Coastal banded greenhood

Scientific classification
- Kingdom: Plantae
- Clade: Tracheophytes
- Clade: Angiosperms
- Clade: Monocots
- Order: Asparagales
- Family: Orchidaceae
- Subfamily: Orchidoideae
- Tribe: Cranichideae
- Genus: Pterostylis
- Species: P. flavovirens
- Binomial name: Pterostylis flavovirens (D.L.Jones) R.J.Bates
- Synonyms: Bunochilus flavovirens D.L.Jones

= Pterostylis flavovirens =

- Genus: Pterostylis
- Species: flavovirens
- Authority: (D.L.Jones) R.J.Bates
- Synonyms: Bunochilus flavovirens D.L.Jones

Species of orchid

Pterostylis flavovirens, commonly known as the coastal banded greenhood, is a plant in the orchid family Orchidaceae that is endemic to South Australia. As with other similar orchids, non-flowering plants differ from those in flower.

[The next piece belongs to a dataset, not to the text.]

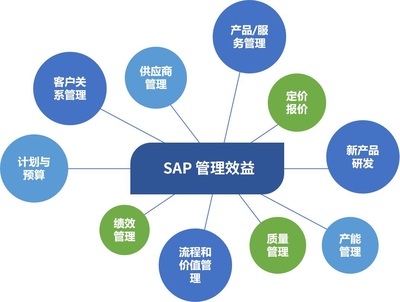 SAP外包型售后服务中的外包服务供应商管理 价值、挑战与优化策略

Flowering plants have up to seven pale to translucent green flowers with darker green stripes. The flowers have an insect-like labellum which is yellowish green with a slightly darker green stripe along its centre. Non-flowering plants have a rosette of leaves on a stalk, but flowering plants lack the rosette, instead having three to six stem leaves.

==Description==
Pterostylis flavovirens, is a terrestrial, perennial, deciduous, herb with an underground tuber. Non-flowering plants have a rosette of between three and five egg-shaped leaves, each leaf 5-27 mm long and 3-9 mm wide on a stalk 20-50 mm tall. Flowering plants have up to seven transparent pale to translucent green flowers with darker green stripes on a flowering spike 30-200 mm high. The flowering spike has between three and six egg-shaped stem leaves which are 5-40 mm long and 2-9 mm wide. The dorsal sepal and petals are fused, forming a hood or "galea" over the column with the dorsal sepal 12-15 mm long and shallowly curved with a brownish tip. The petals are 9-12 mm long, about 2 mm wide with narrow flanges on their outer edges. The lateral sepals are 9-13.5 mm and joined for all but about 3 mm, forming a structure 4-6 mm wide. The labellum is insect-like, 4.5-6 mm long, about 2 mm wide, with a darker green stripe along its centre and a mound on the "head" end. Flowering occurs from July to September.

==Taxonomy and naming==
This orchid was first formally described in 2006 by David Jones who gave it the name Bunochilus flavovirens. The description was published in the journal Australian Orchid Research from a specimen collected near Port Lincoln. In 2008 Robert Bates changed the name to Pterostylis flavovirens. The specific epithet (flavovirens) is derived from the Latin words flavus meaning “golden-yellow” or "yellow" and virens meaning "green", referring to the colour of the labellum.

==Distribution and habitat==
Pterostylis flavovirens is found in coastal areas of the Eyre Peninsula, Yorke Peninsula, Southern Lofty, Kangaroo Island and South-Eastern botanical regions of South Australia. It often grows in accumulated leaf litter under small trees and shrubs.